■ **Entries provided**:
>>>>>

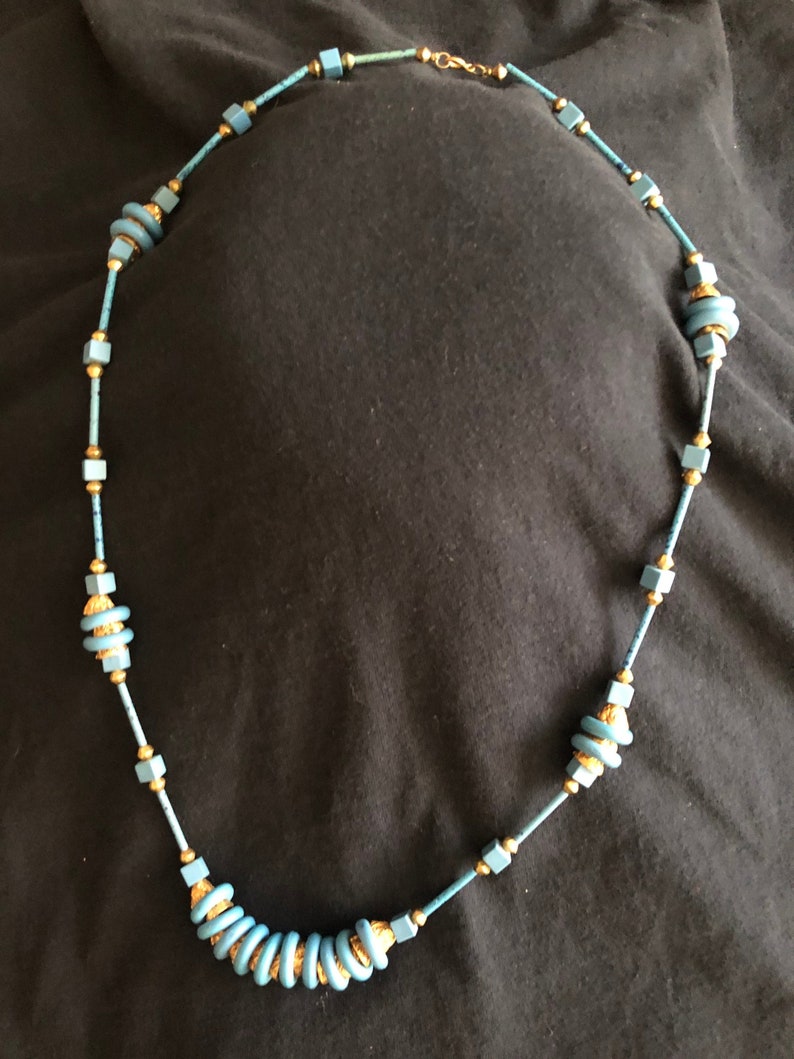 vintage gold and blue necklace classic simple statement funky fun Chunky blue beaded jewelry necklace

<<<<<
>>>>>

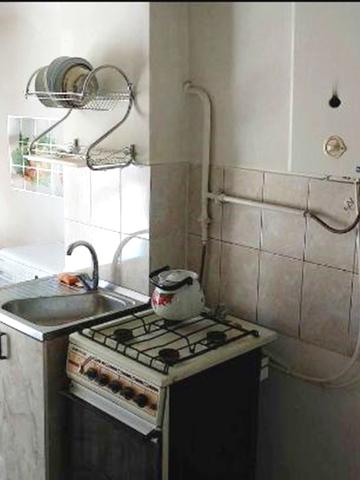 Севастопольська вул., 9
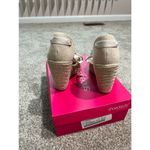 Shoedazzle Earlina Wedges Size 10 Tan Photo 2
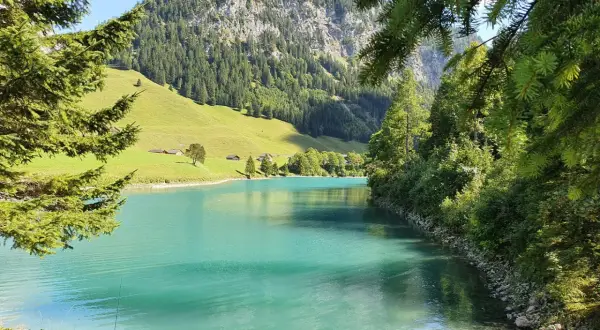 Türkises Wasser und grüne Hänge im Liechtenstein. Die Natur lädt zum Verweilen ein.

<<<<<

For this task, return exactly the stretch of the listing above from the line with "Shoedazzle Earlina Wedges Size 10" through the line with "Türkises Wasser und", inclusive and without pictures.

■ **Finished task**:
 Shoedazzle Earlina Wedges Size 10 Tan Photo 2
 Türkises Wasser und grüne Hänge im Liechtenstein. Die Natur lädt zum Verweilen ein.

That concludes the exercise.